A second aspect of the present invention relates to a computer-implemented neural network comprising a nested block, the nested block comprising at least a first floor and a second floor, wherein the first floor comprises a number n−1 of consecutive neural network sub-modules operating on high resolution input data and the second floor comprises a number n−2 of consecutive neural network sub-modules operating on low resolution input data. Wherein a first sub-module of the first floor is trained to predict high resolution latent variables based on high resolution input data, wherein a first sub-module of the second floor is trained to predict low resolution latent variables based on low resolution input data and high resolution latent variables from the first sub-module of the first floor, and wherein a second sub-module of the first floor is configured to predict high resolution second latent variables based on the high resolution latent variables and low resolution latent variables.
Accordingly, the second aspect of the invention relates to an improved neural network architecture which is particularly suitable for use in the method for designing a neural network processor according to the first aspect.
In some implementations, the nested block is combined with a multi-scale input block and an aggregation neural network block to form a multi-block neural network architecture. This multi-block architecture is sometimes referred to as a block joint network (BJN or BJNet). In some implementations, the nested block comprises two floors (referred to as BJNet2). In some implementations, the nested block further comprises a third floor with n−3 sub-modules modules (referred to as BJNet3), and, optionally a fourth floor with n−4 sub-modules (referred to as BJNet4).
Aspects of the present invention will be described in more detail with reference to the appended drawings, showing currently preferred embodiments.

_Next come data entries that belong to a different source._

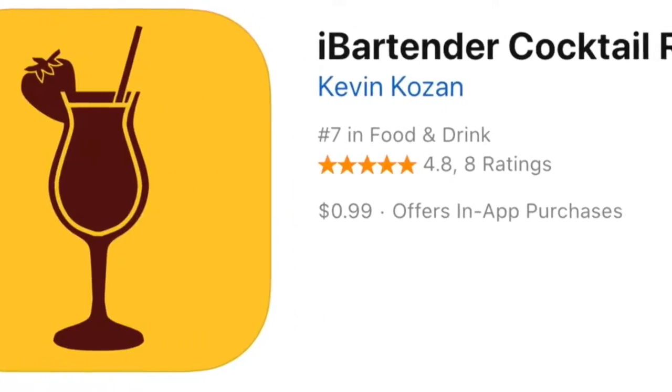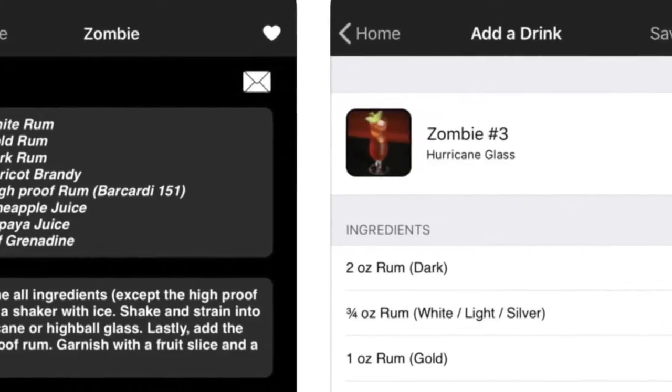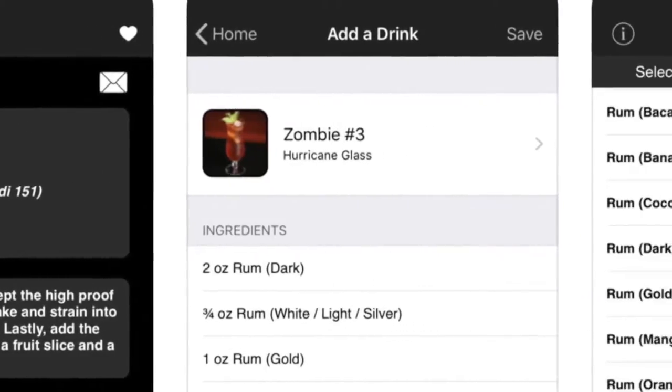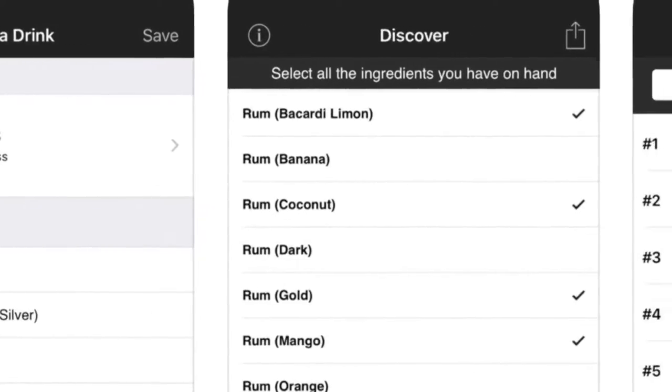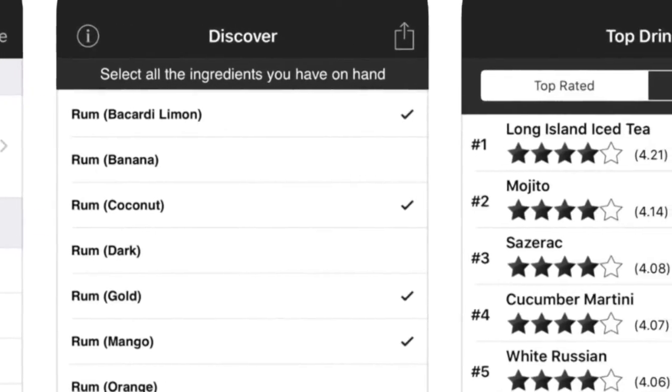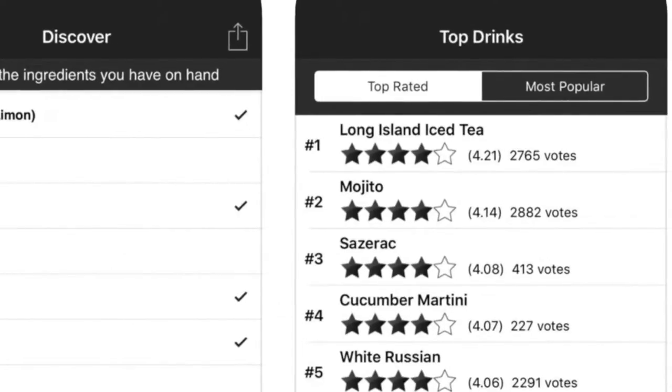The app called iBartender offers hundreds of cocktail recipes. Use the feature called Discover to get a list of drinks that you can make with what you have on hand. You can also add your own drinks, as well as rate them and view top-rated drinks from others. The app is 99 cents, available for iOS, Android, and Amazon devices.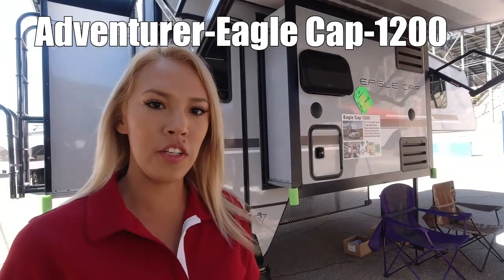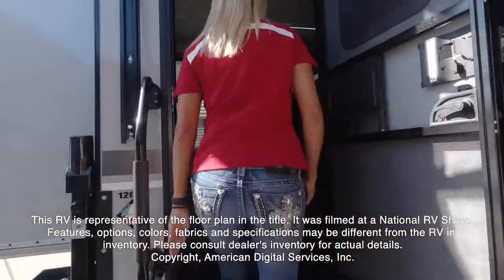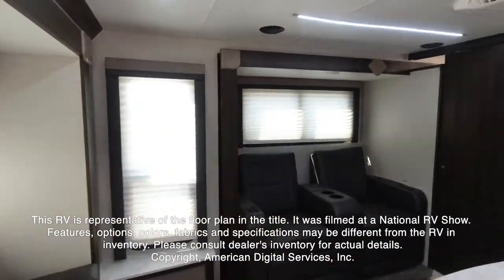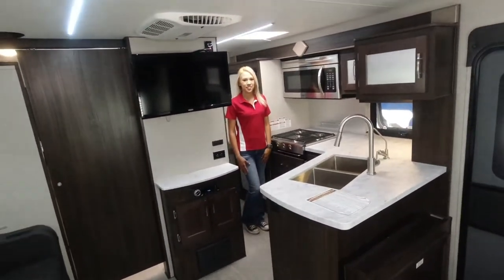This is the Eagle Cab 1200. This RV is representative of the floor plan made by this manufacturer. It was shot at a national RV show. The features, options, colors, fabrics, and specifications may be different from the RV in the dealer's inventory. Please consult the dealer's inventory for actual details on this RV.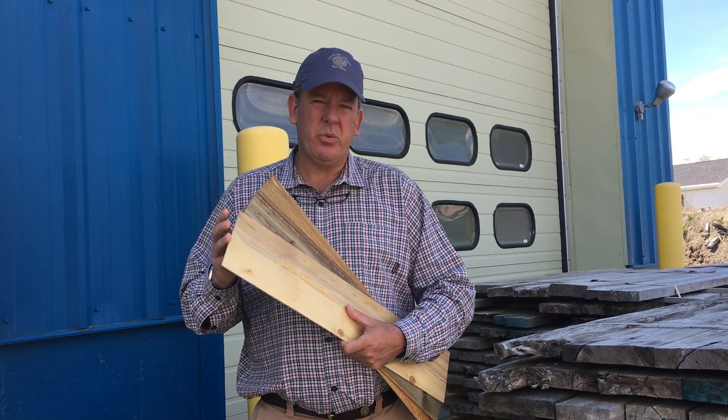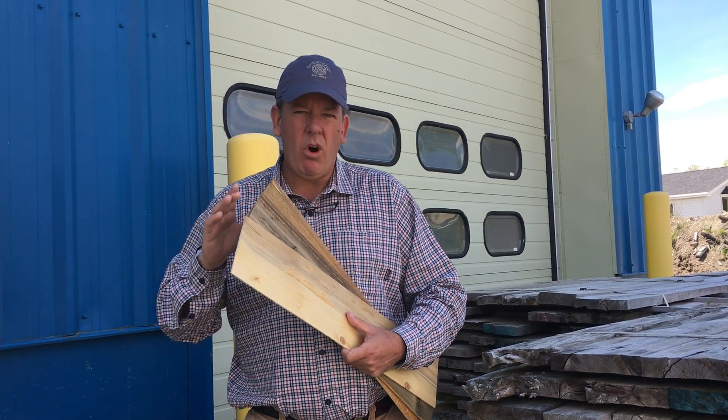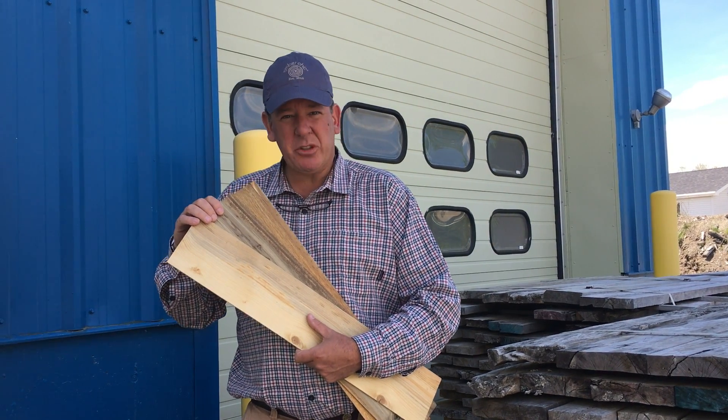We do accent walls with this. We do backsplashes, we do ceilings, we do walls. We're going to offer six new colors. This happens to be our natural five inch.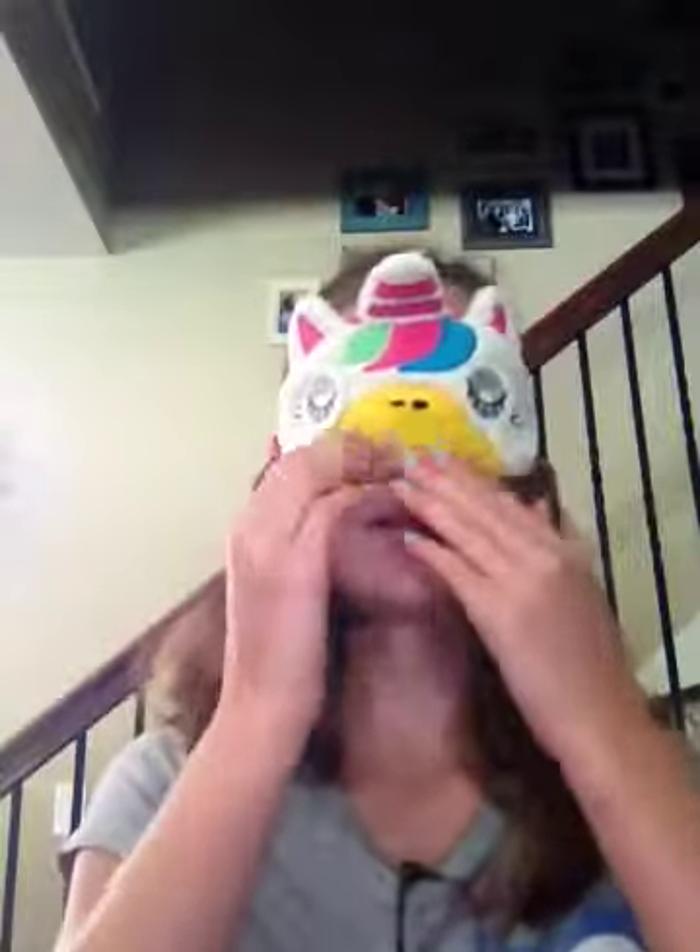Alright, first squishy. There's holes... I have no idea what this is. I think it's a waffle? Yeah, waffle. One point! Waffle — and I have no idea what that is. Okay, next one.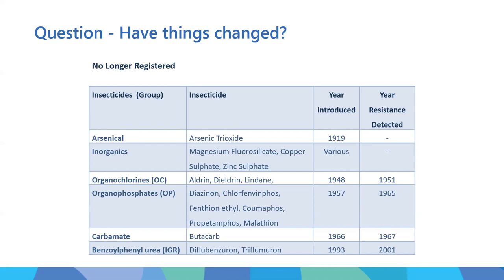When organophosphates came out in the late 1950s, producers initially thought they didn't work well, but that was because they had to be applied thoroughly over the animal - they didn't have the same systemic movement as organochlorines. Resistance took about eight years to develop. Benzophenyl ureas - IGRs like diflubenzuron and triflumuron - were introduced in 1993 and again within eight years there was resistance. The worst example is butacarb, a carbamate, which lasted less than a year.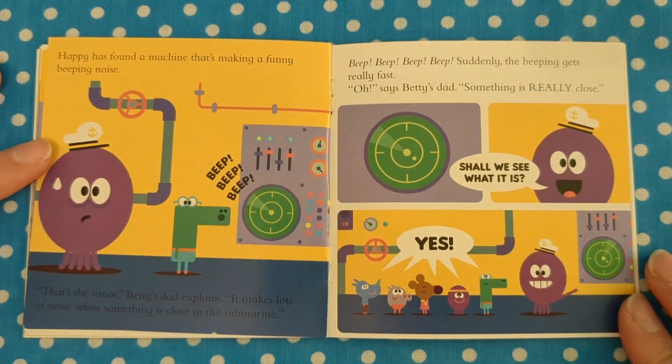Happy has found a machine that makes a funny beeping noise. Beep! Beep! Beep! "That's the sonar," Betty's dad explains. "It makes lots of noise when something is close to the submarine." Suddenly the beeping gets really fast. "Oh," says Betty's dad. "Something is really close. Shall we see what it is?" "Yes!"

Systems and methods disclosed in the present application may be implemented as software, firmware, hardware or a combination thereof. In a hardware implementation, the division of tasks does not necessarily correspond to the division into physical units; to the contrary, one physical component may have multiple functionalities, and one task may be carried out by several physical components in cooperation. The computer hardware may for example be a server computer, a client computer, a personal computer (PC), a tablet PC, a set-top box (STB), a personal digital assistant (PDA), a cellular telephone, a smartphone, a web appliance, a network router, switch or bridge, or any machine capable of executing instructions (sequential or otherwise) that specify actions to be taken by that computer hardware. Further, the present disclosure shall relate to any collection of computer hardware that individually or jointly execute instructions to perform any one or more of the concepts discussed herein.
Certain or all components may be implemented by one or more processors that accept computer-readable (also called machine-readable) code containing a set of instructions that when executed by one or more of the processors carry out at least one of the methods described herein. Any processor capable of executing a set of instructions (sequential or otherwise) that specify actions to be taken are included. Thus, one example is a typical processing system (i.e. a computer hardware) that includes one or more processors. Each processor may include one or more of a CPU, a graphics processing unit, and a programmable DSP unit. The processing system further may include a memory subsystem including a hard drive, SSD, RAM and/or ROM. A bus subsystem may be included for communicating between the components. The software may reside in the memory subsystem and/or within the processor during execution thereof by the computer system.
The one or more processors may operate as a standalone device or may be connected, e.g., networked to other processor(s). Such a network may be built on various different network protocols, and may be the Internet, a Wide Area Network (WAN), a Local Area Network (LAN), or any combination thereof.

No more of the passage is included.